Книга Фату-Хива. Возврат к природе - Тур Хейердал
Шрифт:
Интервал:
Закладка:
Издалека донесся голос Теи. Собаки заливались лаем. Старику понадобилась моя помощь. Что было мочи я побежал через долину к склону, где не переставая лаяли псы. Теи приветственно помахал мне рукой; слава богу, цел и невредим. А собаки подпрыгивали на задних лапах, пытаясь взобраться на скальную полку. На полке стоял косматый козел, белоснежный красавец. Наклонив голову с роскошными рогами, он приготовился дать отпор. Дождавшись меня, Теи подкрался сзади и схватил козла за задние ноги, а я вцепился в рога. Поймали!
Мы основательно помаялись, пока, отгоняя собак, не доставили вырывающуюся добычу на берег.
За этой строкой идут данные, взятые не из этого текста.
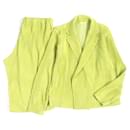 Issey Miyake Pleated Jacket & Pants Set - Autre Marque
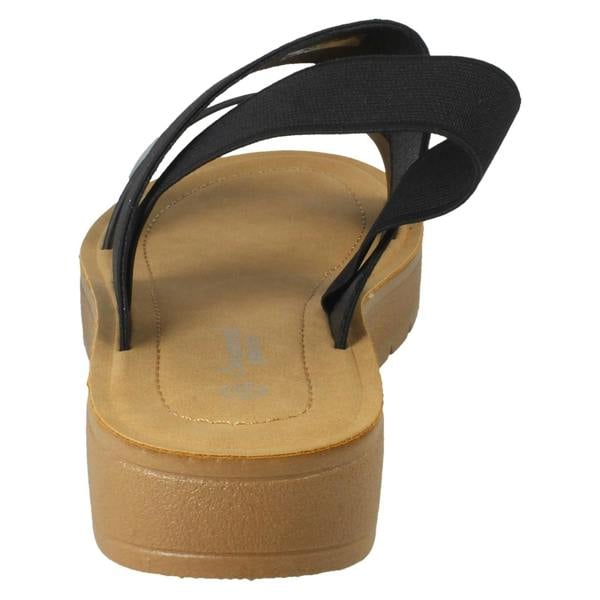 Savannah Ladies Savannah Elasticated Heel Summer Sandals F00447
Здесь Лив и Момо помогли нам привязать красавца за колышек у нашей хижины.
— Теперь у нас будет молоко! — возликовала Лив.
Момо наклонилась и покачала головой. Какое там молоко от козла. Лив предложила ему банан. Съел. Набив живот листьями таро и плодами, дикарь совсем присмирел и перестал нас пугаться. Первый прирученный нами четвероногий обитатель острова. Мы назвали его Маита — «белый».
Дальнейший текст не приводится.